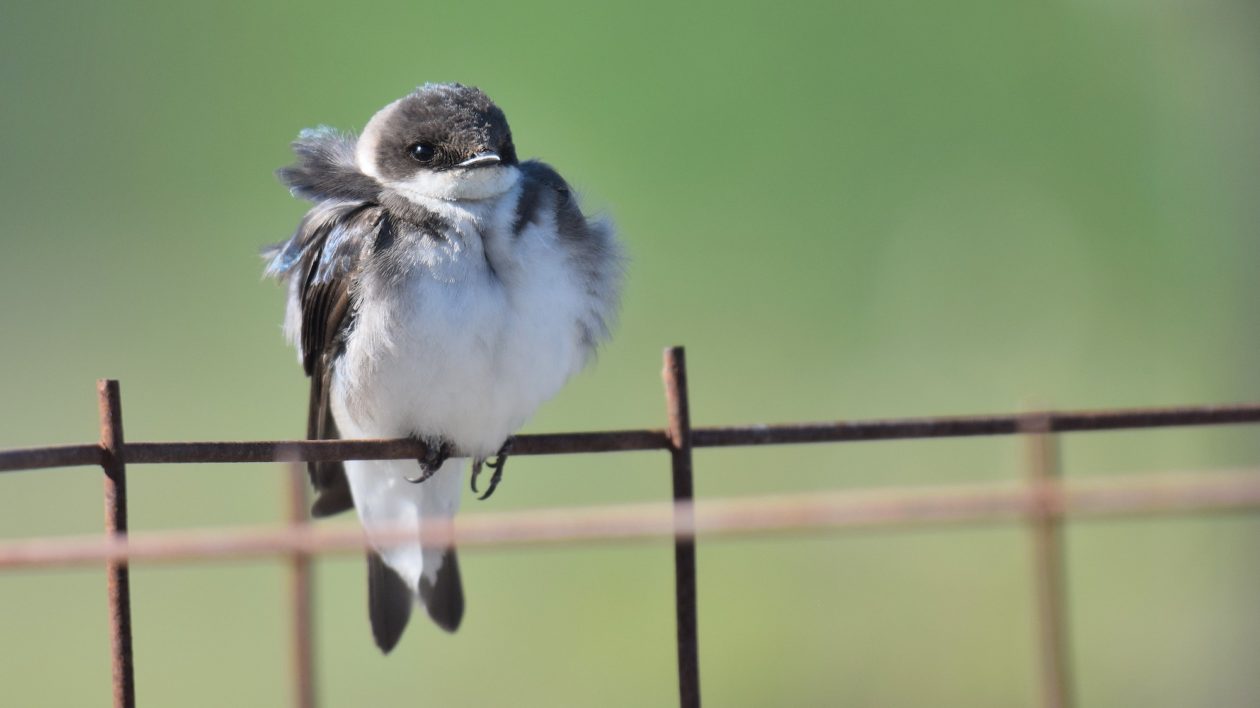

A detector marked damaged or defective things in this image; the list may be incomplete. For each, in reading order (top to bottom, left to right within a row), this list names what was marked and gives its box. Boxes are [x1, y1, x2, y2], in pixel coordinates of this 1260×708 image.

rusty metal fence wire [2, 347, 1260, 705]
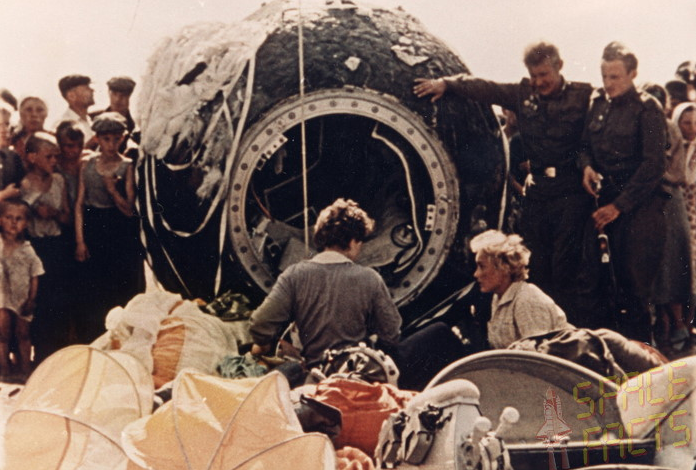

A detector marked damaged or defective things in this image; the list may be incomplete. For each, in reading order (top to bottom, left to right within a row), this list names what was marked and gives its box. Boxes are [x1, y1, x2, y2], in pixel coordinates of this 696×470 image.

scorched heat shield [137, 0, 506, 318]
charred spacecraft surface [137, 0, 506, 320]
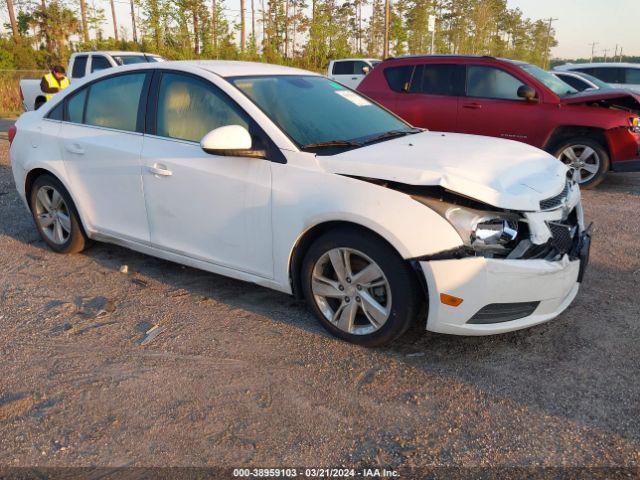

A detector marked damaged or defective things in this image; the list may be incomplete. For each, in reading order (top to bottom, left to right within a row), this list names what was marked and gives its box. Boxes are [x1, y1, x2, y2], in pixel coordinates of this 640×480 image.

damaged white sedan [8, 61, 592, 344]
crumpled hood [318, 132, 568, 213]
crushed front bumper [420, 229, 592, 334]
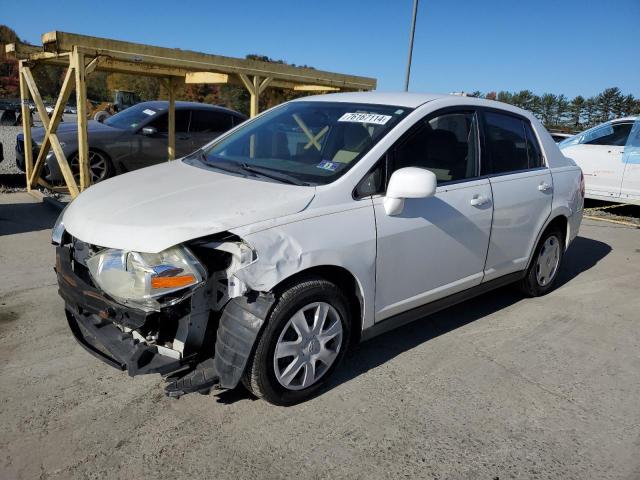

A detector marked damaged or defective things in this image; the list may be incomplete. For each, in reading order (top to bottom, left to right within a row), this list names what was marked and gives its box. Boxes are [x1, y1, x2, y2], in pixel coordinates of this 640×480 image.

exposed wheel well [272, 266, 364, 344]
white damaged sedan [53, 91, 584, 404]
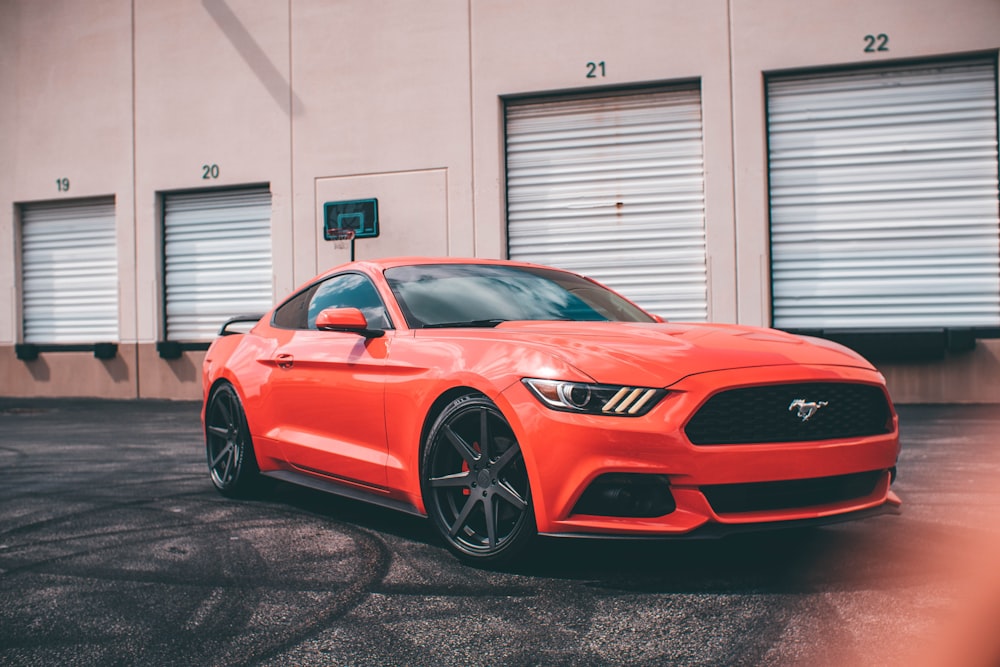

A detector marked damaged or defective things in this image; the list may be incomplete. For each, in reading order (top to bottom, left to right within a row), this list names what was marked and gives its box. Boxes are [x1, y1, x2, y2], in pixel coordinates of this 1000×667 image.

cracked asphalt [0, 400, 996, 664]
◇ ◇ ◇ ◇
EXERCISE PROMPT: The required output is an exact retyping of the lines from the one that contains "this 1000×667 image." through the last line of the material above.

FINISHED EXERCISE:
A detector marked damaged or defective things in this image; the list may be incomplete. For each, in reading order (top to bottom, left to right within a row), this list names what was marked and gives its box. Boxes are [x1, y1, x2, y2], in pixel coordinates of this 1000×667 image.

cracked asphalt [0, 400, 996, 664]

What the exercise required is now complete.